Sonnet 111: O For My Sake Do You With Fortune Chide
Alas! ’tis true, I have gone here and there,
And made my self a motley to the view,
Gored mine own thoughts, sold cheap what is most dear,
Made old offences of affections new;
Most true it is, that I have looked on truth
Askance and strangely; but, by all above,
These blenches gave my heart another youth,
And worse essays proved thee my best of love.
Now all is done, have what shall have no end:
Mine appetite I never more will grind
On newer proof, to try an older friend,
A god in love, to whom I am confined.
Then give me welcome, next my heaven the best,
Even to thy pure and most most loving breast.

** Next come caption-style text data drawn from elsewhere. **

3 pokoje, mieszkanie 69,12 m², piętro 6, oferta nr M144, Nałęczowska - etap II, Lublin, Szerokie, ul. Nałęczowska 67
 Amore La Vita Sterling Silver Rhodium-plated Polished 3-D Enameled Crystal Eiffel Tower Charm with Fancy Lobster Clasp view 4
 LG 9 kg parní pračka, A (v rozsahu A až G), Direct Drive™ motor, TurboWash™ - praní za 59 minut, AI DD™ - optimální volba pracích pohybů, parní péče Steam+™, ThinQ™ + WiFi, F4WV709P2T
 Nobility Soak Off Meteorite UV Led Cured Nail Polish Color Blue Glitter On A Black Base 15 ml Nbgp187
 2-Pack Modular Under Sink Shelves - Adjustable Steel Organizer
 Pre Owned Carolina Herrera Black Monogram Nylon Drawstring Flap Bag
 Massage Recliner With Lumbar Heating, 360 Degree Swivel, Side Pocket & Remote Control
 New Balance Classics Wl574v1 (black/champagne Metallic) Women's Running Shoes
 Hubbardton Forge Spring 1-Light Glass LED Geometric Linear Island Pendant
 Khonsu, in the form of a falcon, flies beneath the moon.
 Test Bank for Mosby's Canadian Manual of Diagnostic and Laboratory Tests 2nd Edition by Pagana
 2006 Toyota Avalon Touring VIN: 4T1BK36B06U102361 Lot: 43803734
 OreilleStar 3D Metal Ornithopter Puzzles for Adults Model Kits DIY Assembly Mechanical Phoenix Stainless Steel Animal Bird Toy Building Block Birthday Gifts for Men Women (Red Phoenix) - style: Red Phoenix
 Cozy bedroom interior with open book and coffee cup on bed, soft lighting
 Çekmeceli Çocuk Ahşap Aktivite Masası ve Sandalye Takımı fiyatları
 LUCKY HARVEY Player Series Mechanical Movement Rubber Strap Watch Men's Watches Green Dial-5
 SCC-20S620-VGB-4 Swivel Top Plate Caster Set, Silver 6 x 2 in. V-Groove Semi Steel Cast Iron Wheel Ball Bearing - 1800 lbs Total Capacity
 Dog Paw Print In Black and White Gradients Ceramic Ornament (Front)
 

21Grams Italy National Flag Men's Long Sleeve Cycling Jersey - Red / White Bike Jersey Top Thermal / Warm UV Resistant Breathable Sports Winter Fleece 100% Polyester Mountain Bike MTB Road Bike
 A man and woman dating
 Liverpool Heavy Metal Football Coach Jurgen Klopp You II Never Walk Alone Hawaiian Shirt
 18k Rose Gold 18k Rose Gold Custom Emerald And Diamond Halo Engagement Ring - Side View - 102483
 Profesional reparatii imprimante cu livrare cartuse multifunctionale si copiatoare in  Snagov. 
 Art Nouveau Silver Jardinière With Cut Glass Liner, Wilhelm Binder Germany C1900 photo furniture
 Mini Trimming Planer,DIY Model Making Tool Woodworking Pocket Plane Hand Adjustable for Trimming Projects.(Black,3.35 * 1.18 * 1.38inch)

Sonnet 111: Translation to modern English
Oh, you’re cursing fortune – the cause of my bad behaviour – that didn’t provide better for my life than to make me perform in front of the public which was bound to influence my behaiour. That’s how I have come to have a bad name and it follows that my nature is affected by working with the public in the way a dyer’s hand is stained by working with dye. So with me, and I hope that I will be regenerated. In the meantime, like a willing patient, I will take better medicines for this strong infection. No matter how bitter it is I won’t think of it as bitter, nor will I complain about having to do double penance to correct this bad influence. Pity me, then, dear friend: I assure you that your pity is enough to cure me.